▶ EXERCISE DETAILS
Exactly the lines from the line containing "Travis Scott Golf Jordan 1 Low" through the final line of the entries below must be returned, and only those, without pictures.

*** DATA PROVIDED ***

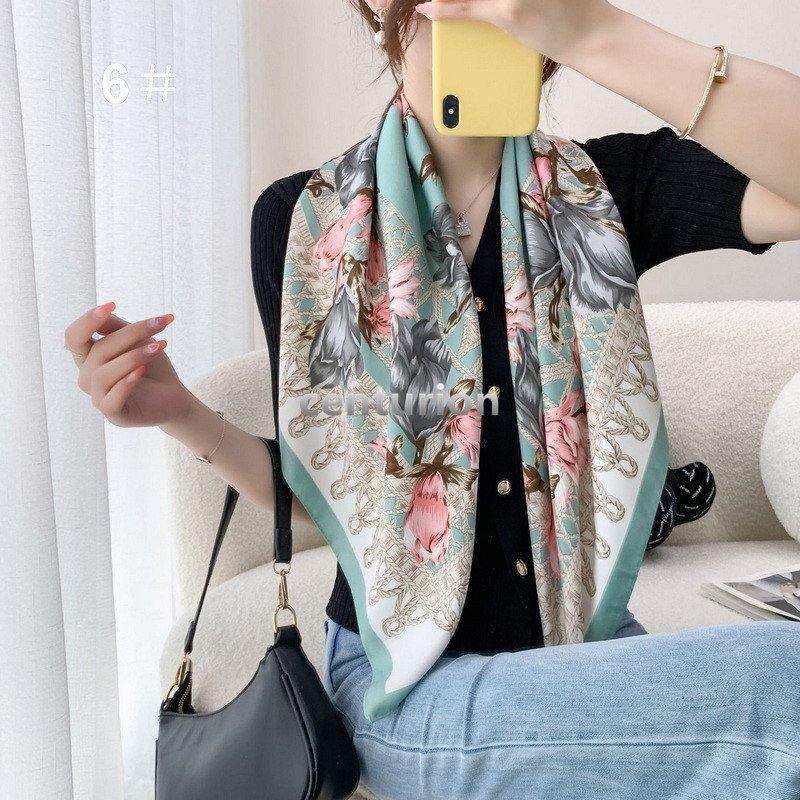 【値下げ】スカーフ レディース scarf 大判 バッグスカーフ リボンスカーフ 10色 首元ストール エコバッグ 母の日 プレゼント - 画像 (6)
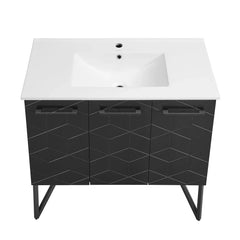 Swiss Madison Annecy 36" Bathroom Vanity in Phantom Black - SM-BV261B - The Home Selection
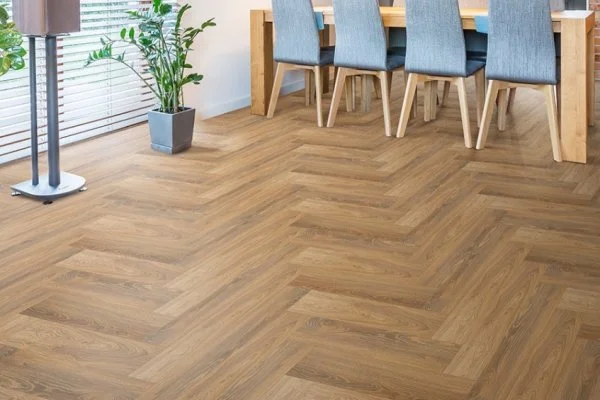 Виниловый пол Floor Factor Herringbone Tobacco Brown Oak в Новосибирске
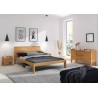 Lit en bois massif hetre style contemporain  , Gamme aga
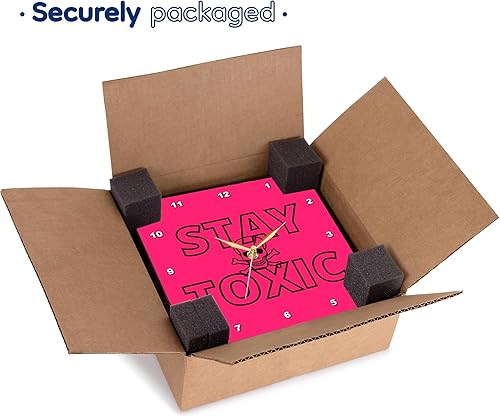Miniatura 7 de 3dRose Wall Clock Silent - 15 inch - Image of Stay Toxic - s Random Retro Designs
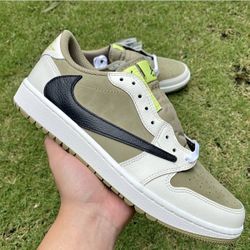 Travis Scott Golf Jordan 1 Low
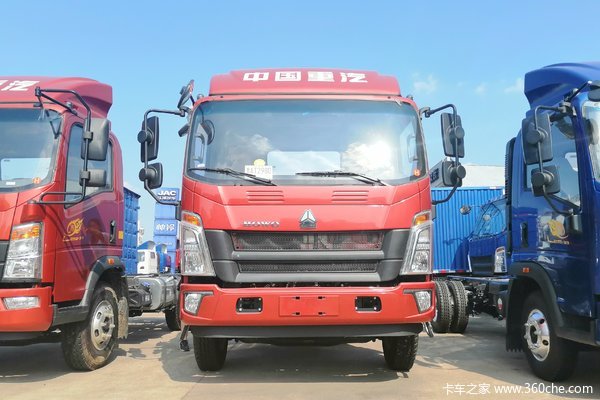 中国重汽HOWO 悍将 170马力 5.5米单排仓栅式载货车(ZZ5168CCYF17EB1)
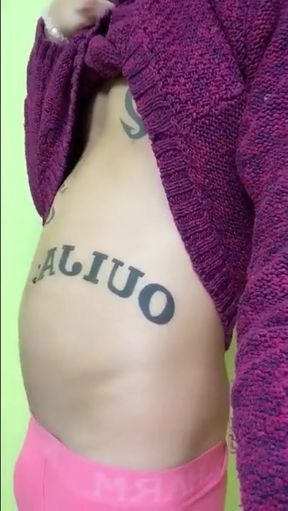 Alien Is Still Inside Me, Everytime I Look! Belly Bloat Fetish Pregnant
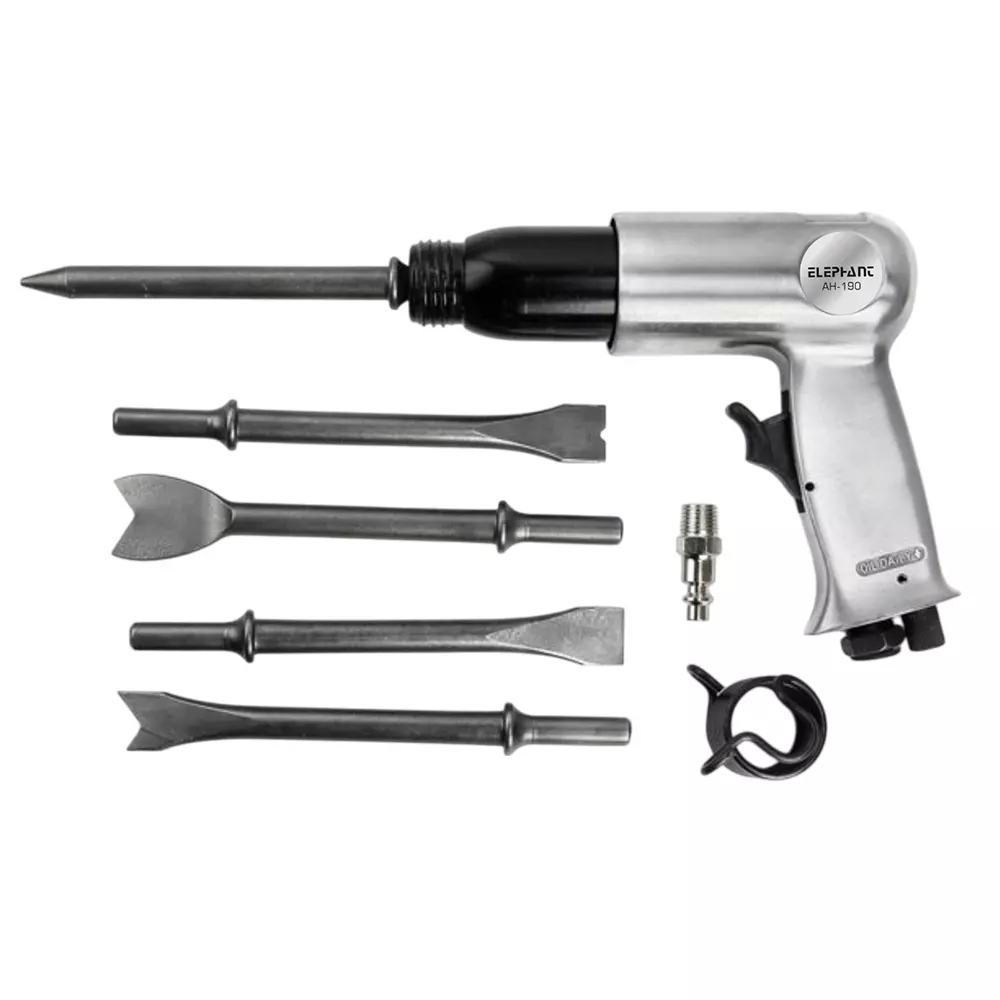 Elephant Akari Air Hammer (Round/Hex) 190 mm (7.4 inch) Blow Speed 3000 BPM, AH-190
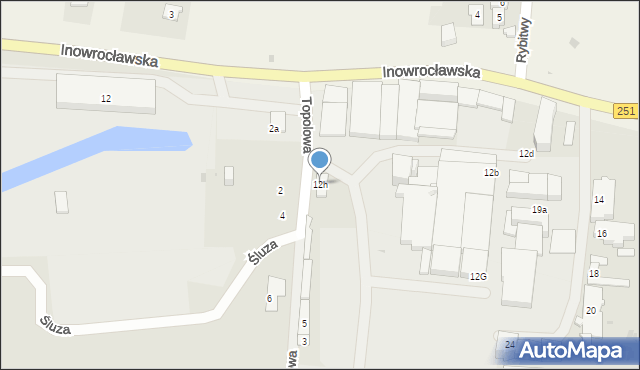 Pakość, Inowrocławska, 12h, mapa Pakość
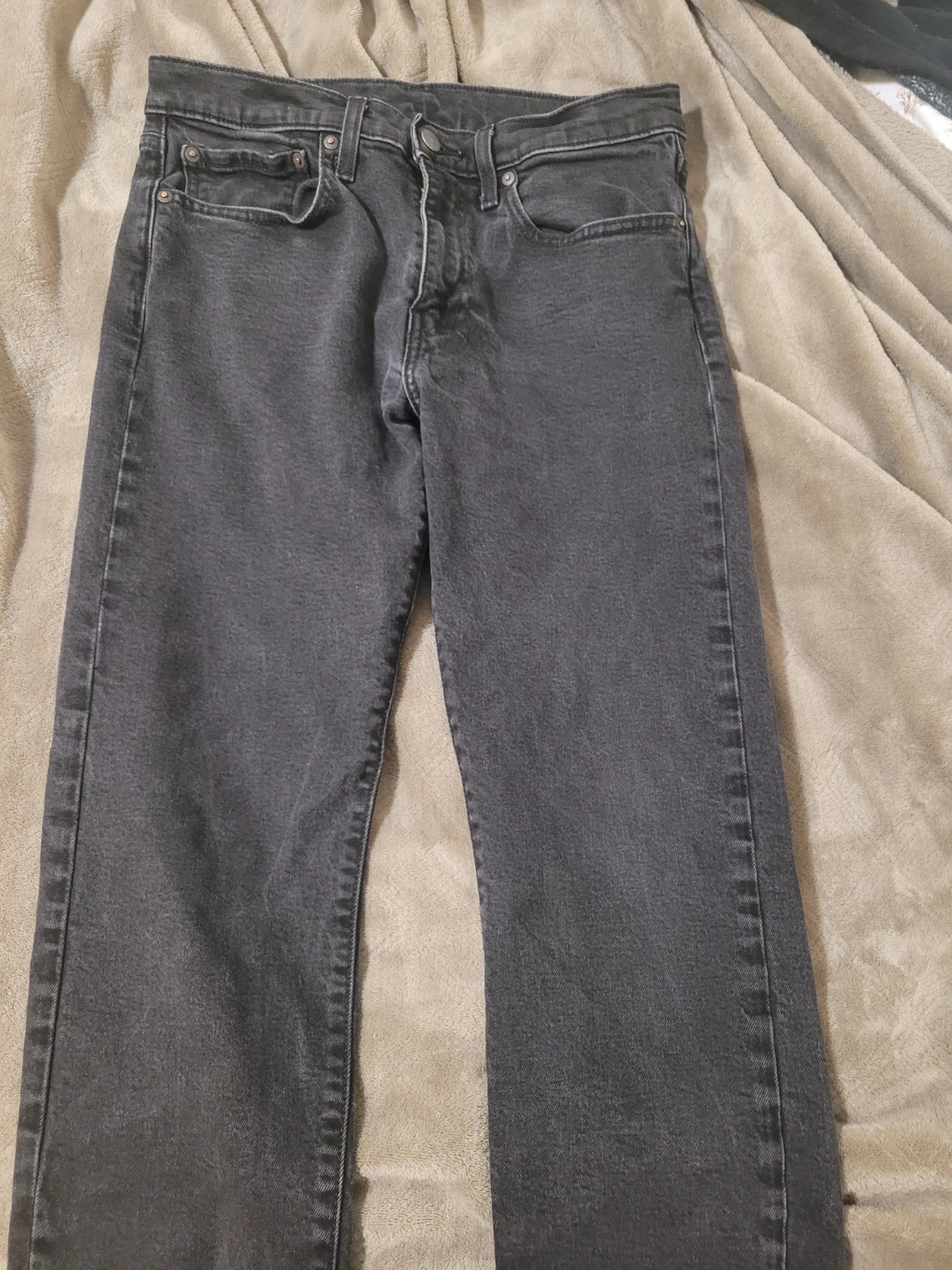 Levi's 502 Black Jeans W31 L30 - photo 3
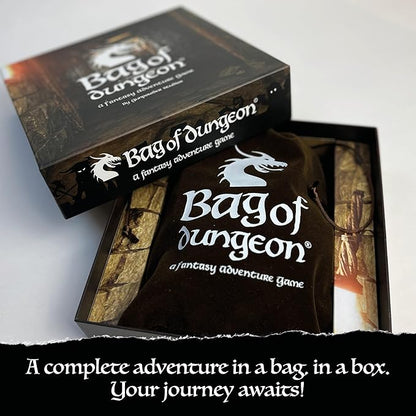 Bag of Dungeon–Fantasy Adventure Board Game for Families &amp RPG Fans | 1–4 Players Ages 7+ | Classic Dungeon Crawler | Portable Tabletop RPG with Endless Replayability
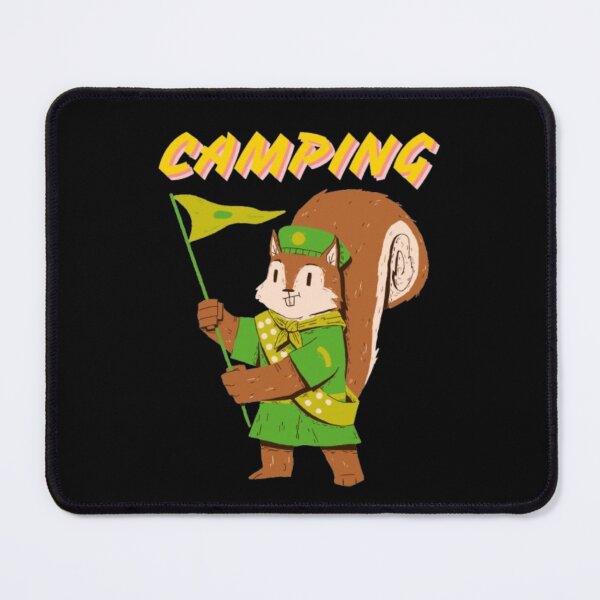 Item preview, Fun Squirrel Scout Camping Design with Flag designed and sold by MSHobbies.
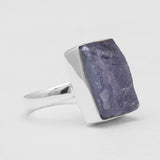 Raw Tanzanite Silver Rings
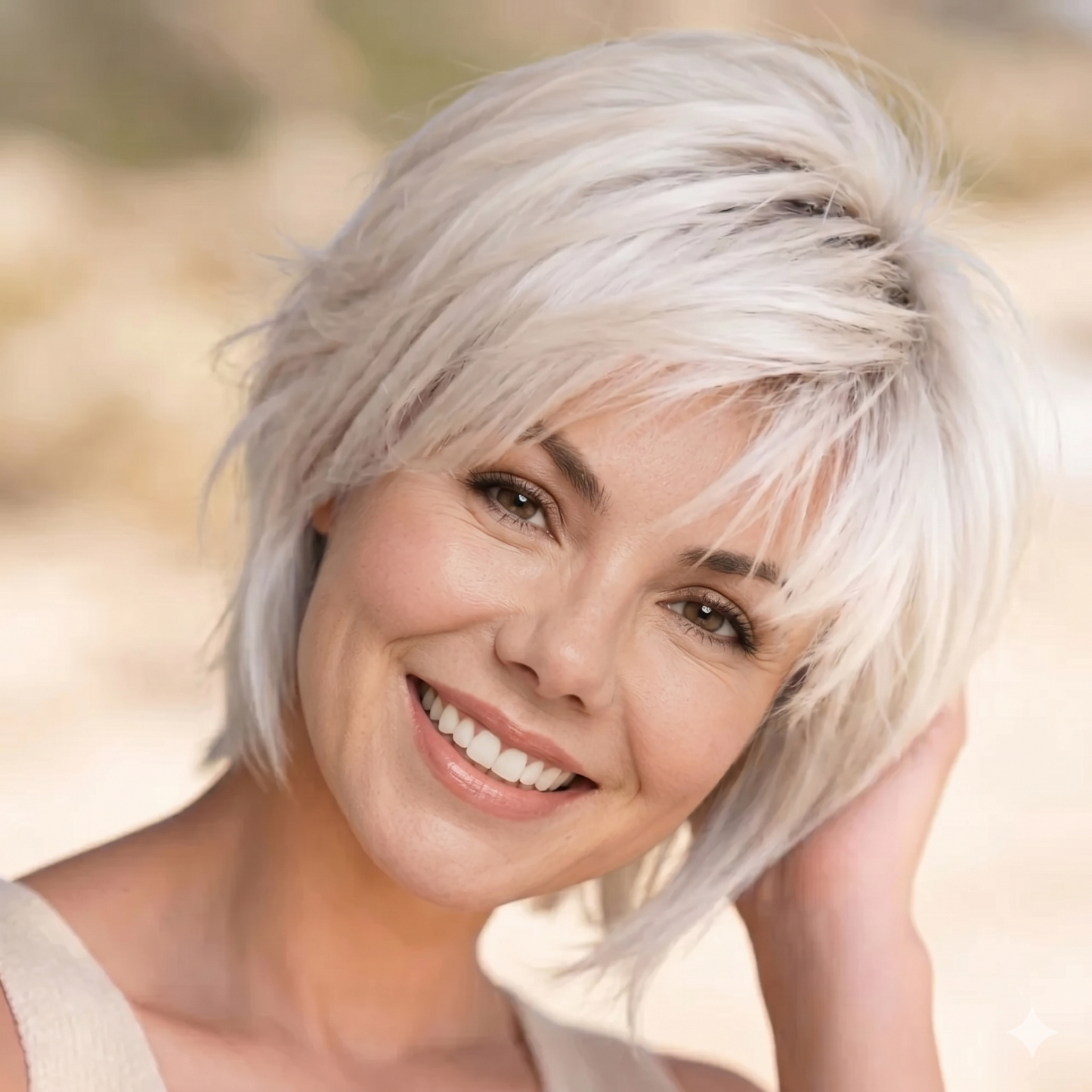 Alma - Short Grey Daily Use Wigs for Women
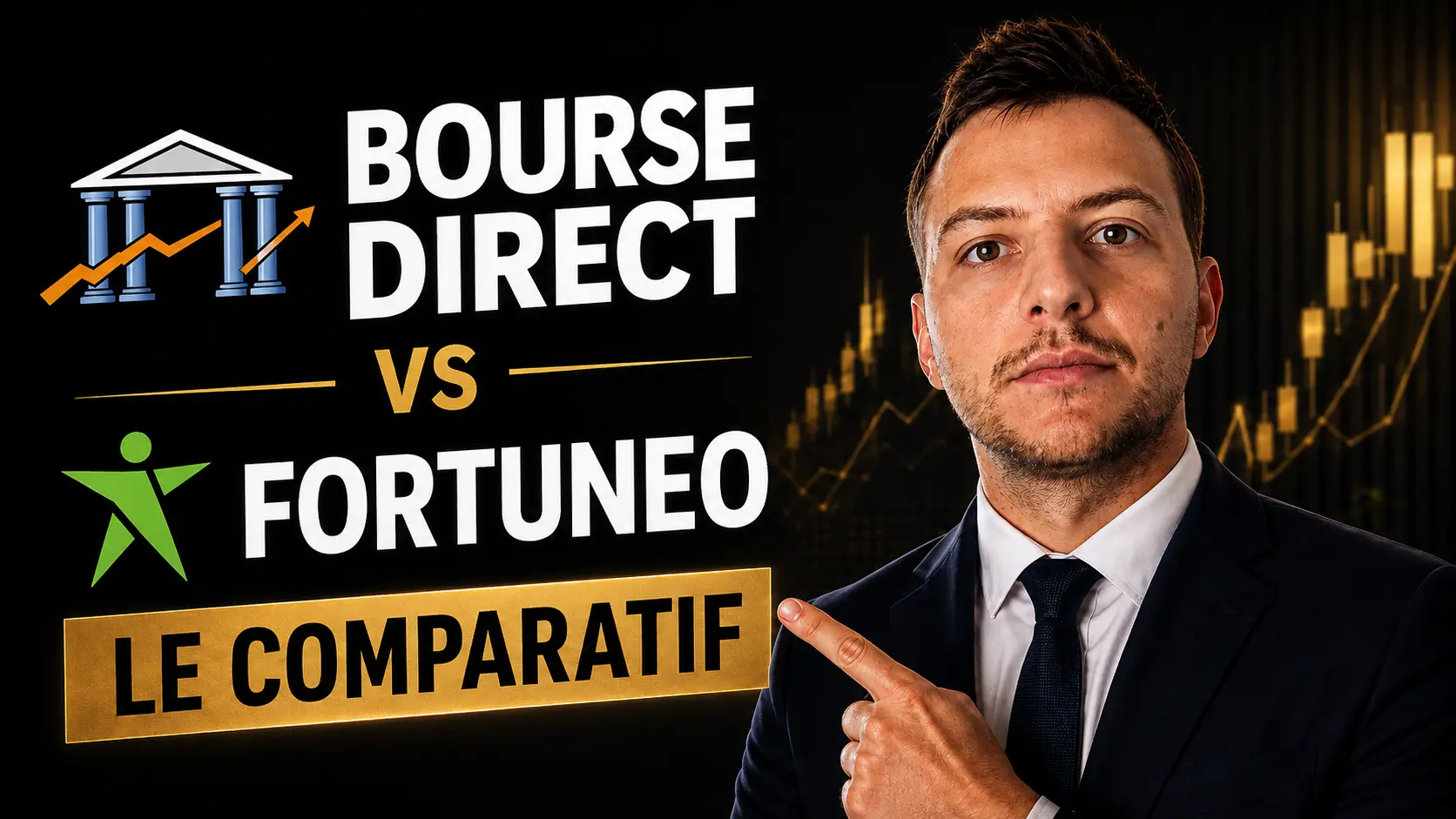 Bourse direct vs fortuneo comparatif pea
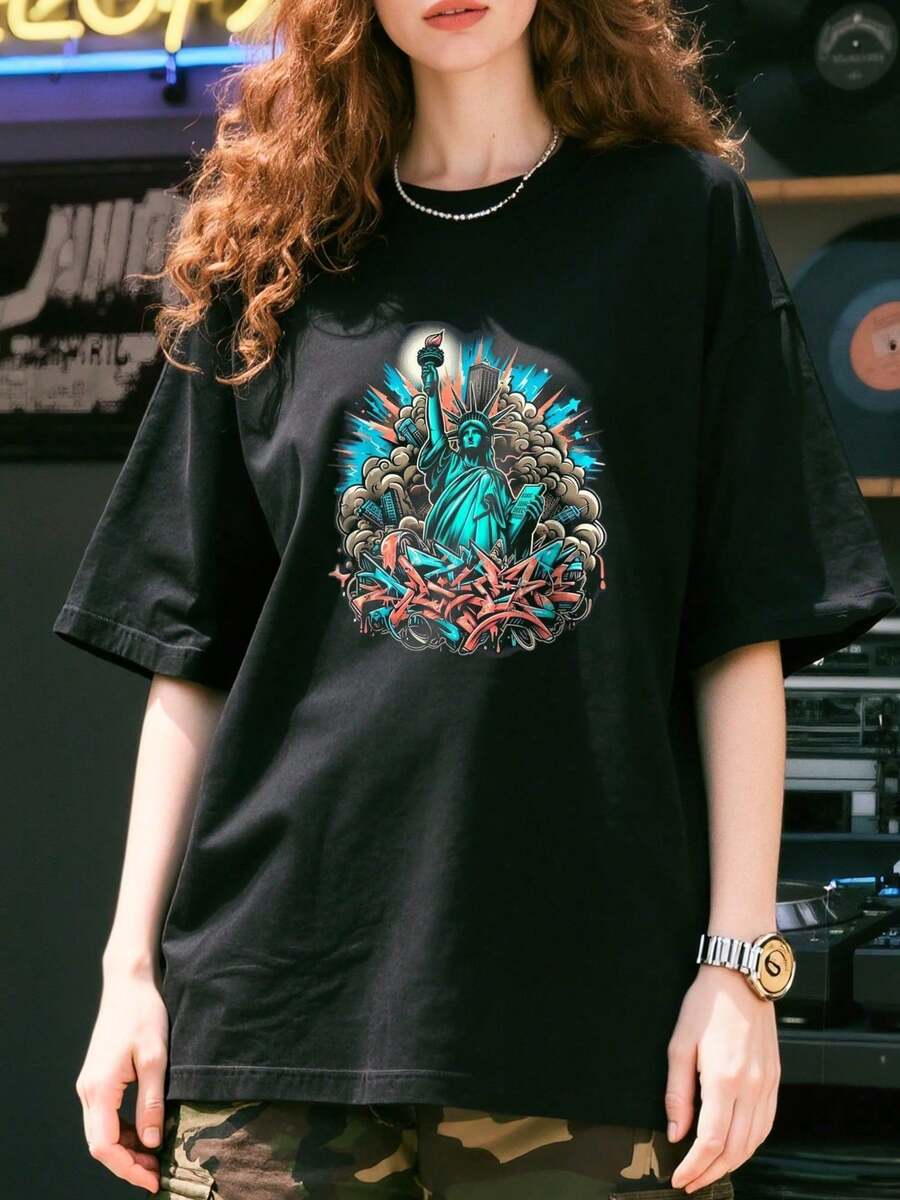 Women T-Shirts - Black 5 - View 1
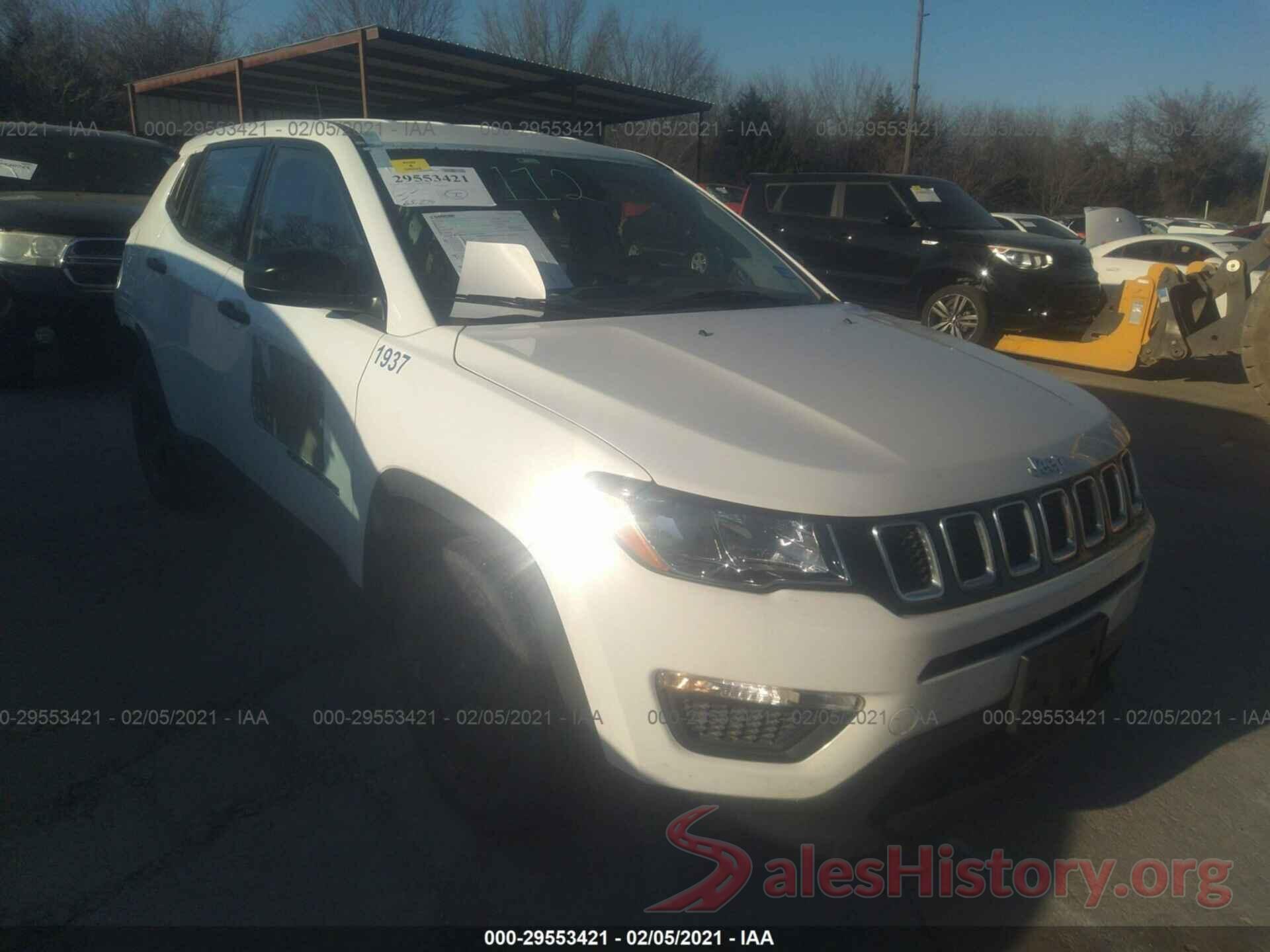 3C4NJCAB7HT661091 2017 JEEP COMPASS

*** End of DATA PROVIDED ***

▶ RESPONSE BOX
 Travis Scott Golf Jordan 1 Low
 中国重汽HOWO 悍将 170马力 5.5米单排仓栅式载货车(ZZ5168CCYF17EB1)
 Alien Is Still Inside Me, Everytime I Look! Belly Bloat Fetish Pregnant
 Elephant Akari Air Hammer (Round/Hex) 190 mm (7.4 inch) Blow Speed 3000 BPM, AH-190
 Pakość, Inowrocławska, 12h, mapa Pakość
 Levi's 502 Black Jeans W31 L30 - photo 3
 Bag of Dungeon–Fantasy Adventure Board Game for Families &amp RPG Fans | 1–4 Players Ages 7+ | Classic Dungeon Crawler | Portable Tabletop RPG with Endless Replayability
 Item preview, Fun Squirrel Scout Camping Design with Flag designed and sold by MSHobbies.
 Raw Tanzanite Silver Rings
 Alma - Short Grey Daily Use Wigs for Women
 Bourse direct vs fortuneo comparatif pea
 Women T-Shirts - Black 5 - View 1
 3C4NJCAB7HT661091 2017 JEEP COMPASS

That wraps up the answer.